Writer-director Mark Romanek has cooked the whole thing up as an arty psychothriller, with Williams playing Sy Parrish, a photo processor at a chain store in a suburban mall. Sy is a mousy perfectionist and a full-time lonely guy who indulges in vicarious fantasies of relationships with the Yorkins, a young family of three whose copious photos of themselves he processes and, on the sly, collects.
The Yorkins’ photos seem to be the sole pleasure of his drastically solitary existence, but it soon becomes clear that they are also fetishes for Sy’s identification with the Yorkins and his wishful projection of himself as a member of their picture-perfect family. The largest wall in his apartment is a shrine-in-progress almost completely covered by the Yorkin snapshots he’s printed for himself.

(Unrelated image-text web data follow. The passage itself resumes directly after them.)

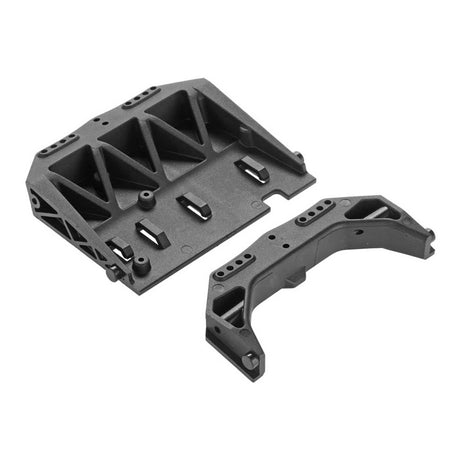 AR320356 Front/Rear Shock Mount & Radio Tray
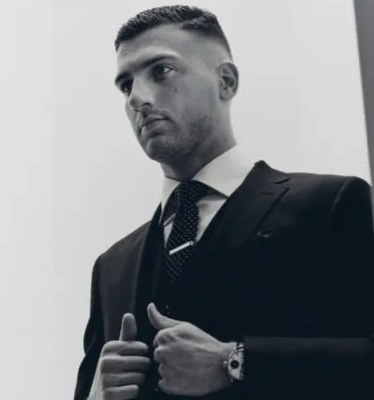 He has now revealed a second career in business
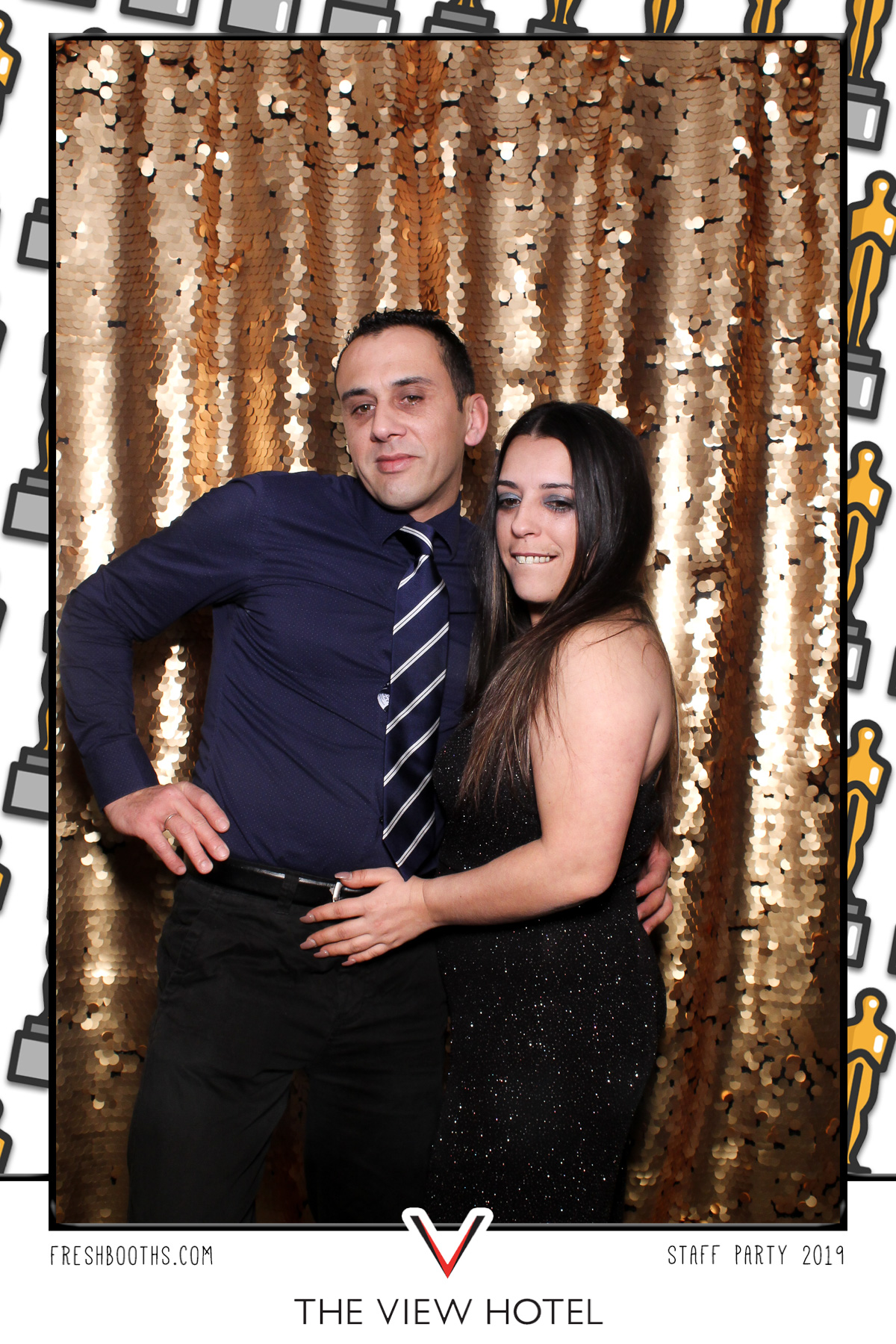 The View Hotel Staff Party 2019 - Selfie Mirror | View more photos from the event at gallery.freshbooths.com/u/FreshBooths/The-View-Hotel-Staff-Party-2019-Selfie-Mirror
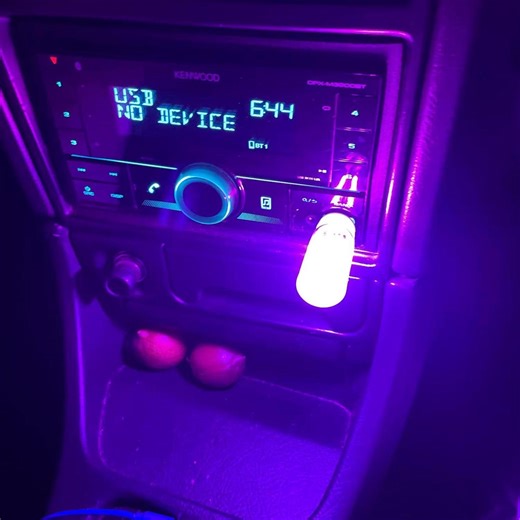 JDM Car Interior LED Light USB Touch Control | Ambient Mood Accent Lamp Tuner Accessory - Etsy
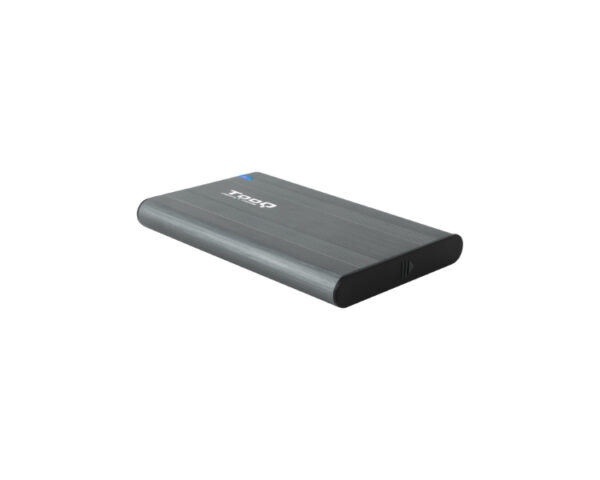 Caja Externa Hdd/Ssd 2.5'' Gris Tooq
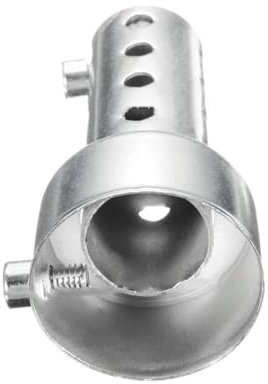 TUHBCX Motorräder Auspuffanlage Noise Sound Eliminator Auspuff Einstellbarer Schalldämpfer Motorrad Can DB Killer Schalldämpfer 35 Mm/42 Mm/45 Mm/48 Mm/60 Mm Schalldämpfer(12)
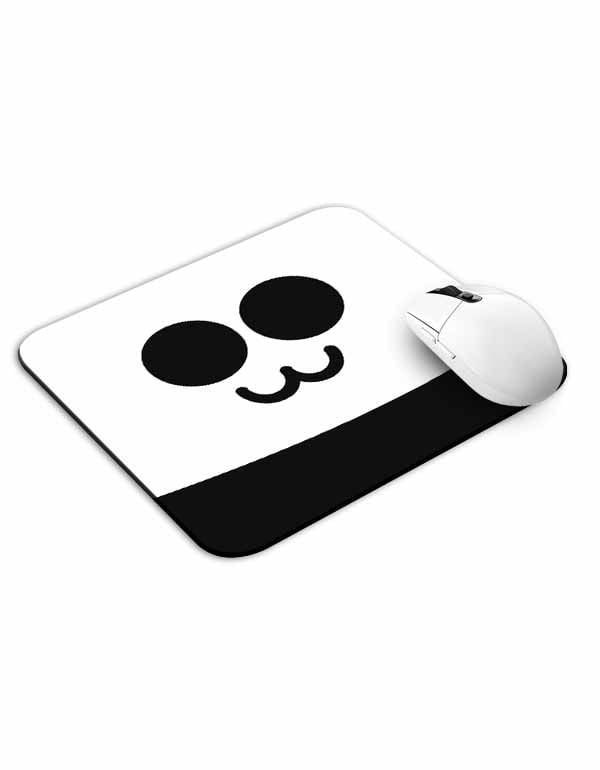Allleftout Panda Smile Mouse Pad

The wall of photos is an early indication that Sy’s Yorkin fixation has a touch of madness to it, and things get quietly weirder when Sy starts following the Yorkins’ little boy Jakub to soccer practice. But things get distinctly menacing when Sy begins to realize that all is not well in the Yorkins’ marriage. And when he gets photographic evidence that Will Yorkin is having an affair with a woman from work, he transforms into an avenging stalker armed with a camera and a hunting knife (both shoplifted from the store, from which he has in the meantime been fired—for the discrepancies between his print counts and sales totals).
The gruesome attack promised by the hunting knife gets deflected into morbid psychology in the film’s climax, but the portrait of Sy’s patently disturbed character never really coheres apart from Williams’ skillful miming of flustered neurosis and repression. The script’s Sy is a voyeur, a lonely fantasist, a pettily sadistic avenger, a photomane, a closet pornographer and, apparently, the victim of childhood trauma and abuse—which makes for a trendy resume but not for a convincing character study.
The film itself is absurdly photo-crazy, but much more coldly so than Williams’ Sy is. Some secondary characters have the names of famous photographers, and the Yorkins seem to live more in their snapshots than in their own lives. When Sy bolts through a hotel conference room, a lecture on retinal degeneration is in progress.
And Jeff Cronenweth’s Kubrickian cinematography cultivates the look of snapshots as they appear in ads for camera technology. This sort of overdetermined cleverness makes the movie as pointless and superficial as Sy’s snapshot mural. Sy’s real problem is that he’s trapped in a movie (24 photo frames per second) and the filmmakers won’t let him out.